By Sam Knight
July 12, 2005
A controversial new EU regulation that has threatened to outlaw thousands of mineral supplements and bankrupt health food stores across Britain was upheld this morning.
The European Court of Justice approved the Food Supplements Directive even though the court's own Advocate-General advised that the Directive was invalid under EU law.
The ruling - greeted with surprise - is a defeat for a concerted campaign by more than a million British health food customers and shops. They have argued that the law, which will come into effect on August 1, will impose an unprecedented level of regulation on mineral supplements and could threaten the existence of small suppliers.
The Alliance For Natural Health (ANH), a group backed by the British Health Food Manufacturers Association, have contended that it is unfair for health food manufacturers to bear the cost of applying for approval for products they have been selling for many years.
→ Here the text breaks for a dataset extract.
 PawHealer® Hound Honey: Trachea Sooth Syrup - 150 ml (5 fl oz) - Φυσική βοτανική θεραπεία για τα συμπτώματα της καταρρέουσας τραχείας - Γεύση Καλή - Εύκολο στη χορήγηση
But the judges of the European Court of Justice said today that the new law was necessary to simplify the trade in natural remedies, and to give clear health advice to consumers by instituting an approved list of supplements, known as a "positive list".
The court observed that "before the directive was adopted, food supplements were regulated by differing national rules liable to impede the free movement of those goods and the functioning of the internal market."
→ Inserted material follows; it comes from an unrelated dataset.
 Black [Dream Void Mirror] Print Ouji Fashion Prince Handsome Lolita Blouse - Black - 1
But in an apparent concession to the British health food industry, which sells around £300 million of natural remedies every year, the judges did promise to simplify the application process for ingredients. They ruled that the burden of proof should shift from those seeking approval to those seeking to ban a product.
The judges concluded: "An application to have a substance included on a list may be refused only on the basis of a full risk assessment, established on the basis of the most reliable scientific data available and the most recent results of international research. A refusal must also be open to challenge before the courts."
The initial reaction of the British health food industry was mixed, as campaigners said they were still digesting the ruling and analysing the revisions made to the application process.
"We had expected a better verdict," said a spokesman for the Alliance For Natural Health this morning. "On the surface it looks like bad news, because they are upholding the Food Supplements Directive and that is disappointing... However, there may be a positive side to this."
Sue Croft, the director of Consumers for Health Choice, said that their campaign for special allowances for the British health food industry would go on.
"I think that we still have to stick out for a national delegation," she told Times Online. "We have to re-open negotiations with the EU trade commission to keep hold of our supplements and keep the British market intact. I think we have the political will to do that and that would be brilliant."
The Directive was first approved by EU governments in 2002, and health food manufacturers were given until today - July 12, 2005 - to submit detailed scientific dossiers proving their ingredients were safe. Those supplements that failed to qualify would be banned.
Over the last three years, health food suppliers have either reformulated their goods, replacing natural substances with synthetic chemicals that already have EU approval, or waited as their legal challenge made its way through the courts.
As part of their campaign, a petition of more than one million signatures and a letter of protest has been sent to Tony Blair signed by more than 300 doctors and scientists.
Today's deadline means that health food retailers and manufacturers have sent in hundreds of dossiers for their ingredients over the last week, leaving the current list of which products are banned and which are approved in flux.
"There is no current accurate list," said Ms Croft.